I am reminded that this is St. Patrick's Day. If memory serves, custom dictates I drink heavily and bark at the moon, or some such.

Questions occur:

(a) In terms of the drinking and the barking, how is this different from any other day?

(b) Am I the only one who's noticed that America's two big pissups - Cinquo de Mayo and St. Patrick's Day - were contributed by Roman Catholic countries?

(c) What the hell is it about being Irish, anyway?


Take a look at this, and the description of Inishbofin. I had a softer upbringing, but I lived, and occasionally worked, side-by-side with people who didn't get electricity until the late 1970s. Most of the agriculture was by hand, and it was dirty, dangerous work.

Then there was the constant rain, the religion, the self-medication of depression with alcohol, the whole alphabet soup of paramilitaries killing each other, random civilians, police, and British soldiers.

So, like the people mentioned, I don't have terribly loving memories of Ireland either. Actually, when I left Ireland, this song was the idea I brought with me. Written by an Irishman too, as I recall.

Mind you, the older I grow, and the smaller those memories become, the fonder I am of the place. The misery of the past, well, I'm starting to put that down as a genetic inclination to putting on the poor mouth. Instead, I think more of the poetry, songs, literature, and pubs.
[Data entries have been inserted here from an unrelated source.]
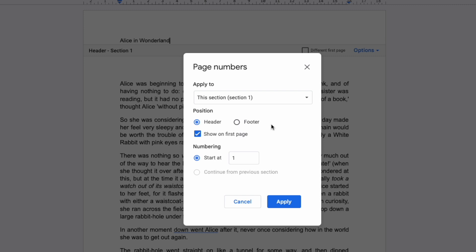You can do this by unclicking this option in the dialog box. By default page numbering will start at one but you can choose to start at a different number if you prefer simply by amending it.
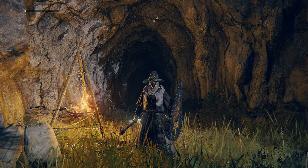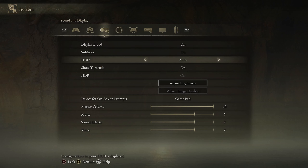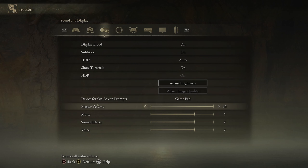First, you want to go to your menu, system, sound and display, and scroll down to master volume. Here, you can adjust your volume to the loudest or to the softest.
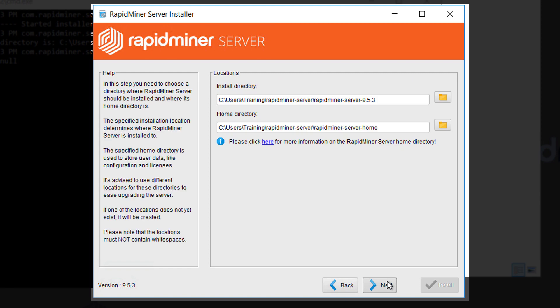We're now presented with the option to choose an installation directory. You're free to choose your location but make sure it's accessible to the user that runs the service. So you should avoid any user specific directories.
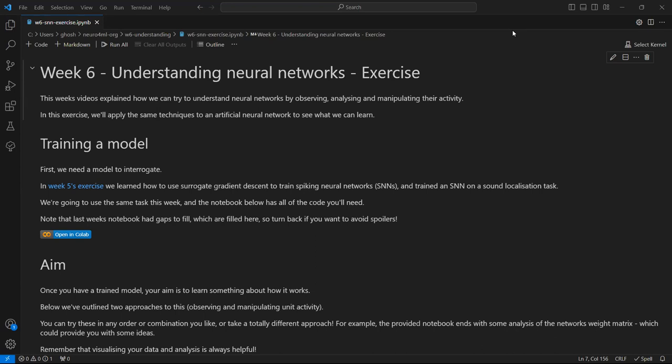To do that, we need to start by training a model. And the model we're going to use is a spiking neural network trained on a sound localization task. The Colab notebook here has all the code which you'll need to do that.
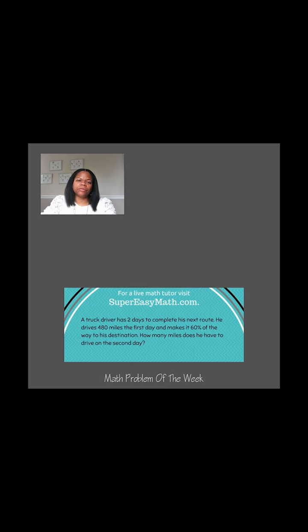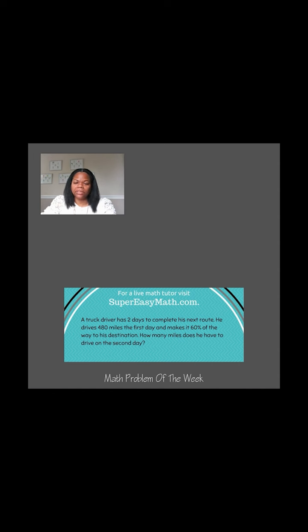Hey guys, it's Tiffany from Super Easy Math. Today's math problem of the week says a truck driver has two days to complete his next route. He drives 480 miles the first day and makes it 60% of the way to his destination. How many miles does he have to drive on the second day?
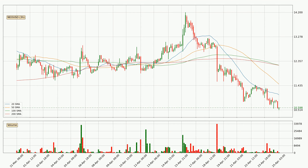Jumping to the three-hourly simple moving averages, the price broke the 20 SMA to the downside — a strong signal given that there has been higher than average volume. The current price is below all simple moving averages for this time interval, which looks bearish. It is to watch if the closest SMA, the 20 SMA, will play as resistance or the price will break it to the upside above the current price of around 11.1.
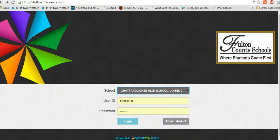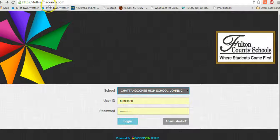Welcome to our video tutorial on how to log in to the Fulton County School District MackinVia portal and then access the databases. To begin, you'll go to fulton.mackinvia.com.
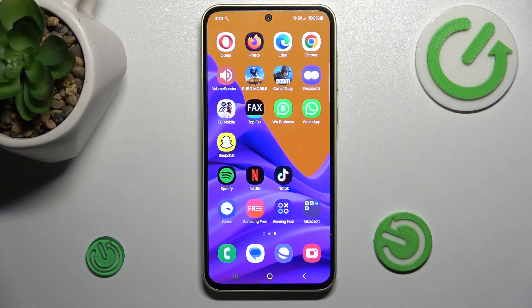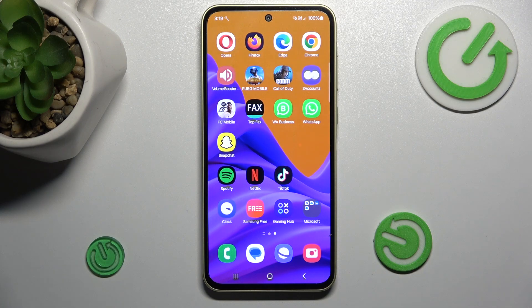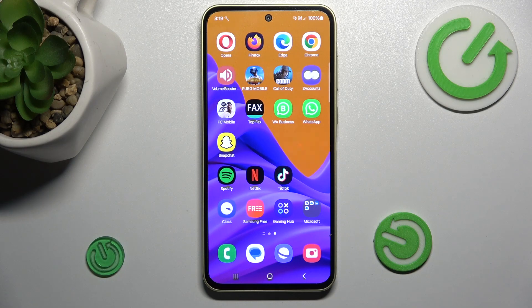Hi guys, welcome to Herduset Info channel. Today I have Samsung Galaxy A35 and I want to show you how to add website shortcuts icon to your home screen on this device.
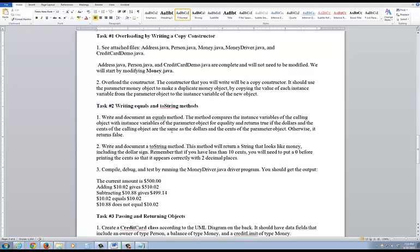I'd like for you to read section 6.7 on page 396 to cover this. If you look at that and read through it, it talks about how you compare and what you don't want to do when you compare two objects. Make sure that you use the proper operator — equals-equals. Look on page 396.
Oh, and the satire!

In the same vein, I'm starting to look back fondly on all those violent monks and priests who had charge of my education. Even Brother Justin, that bastard. Sure, I was knocked unconscious once, and had my nose broken another time, but you know, I can never be alone: my head is too stuffed with distractions. I can still rattle off Cicero's "Pro Lege Manilia" as if I myself were sending Pompey on his way to Asia Minor, and when I try to remember what I was supposed to pick up at Publix, why "The Rime of the Ancient Mariner" will oft come unbidden to my mind.

And I still laugh at Lycidas, floating in his watery beer. (Remember, he who would pun would also pick a pocket.)

What the hell is it about being Irish? It's the world's need for a race which can take great heaping gobs of misery, and somehow turn it all to gregariousness, to the well-turned phrase, to wit, to charm, to laughter.

I'm sorry. Where was I again? Oh, right, St. Patrick's day. Well, I'm away to the pub, to drink heavily, and bark at the moon.

Because, like my people, I am characterized by the qualities that make a man interesting rather than prosperous.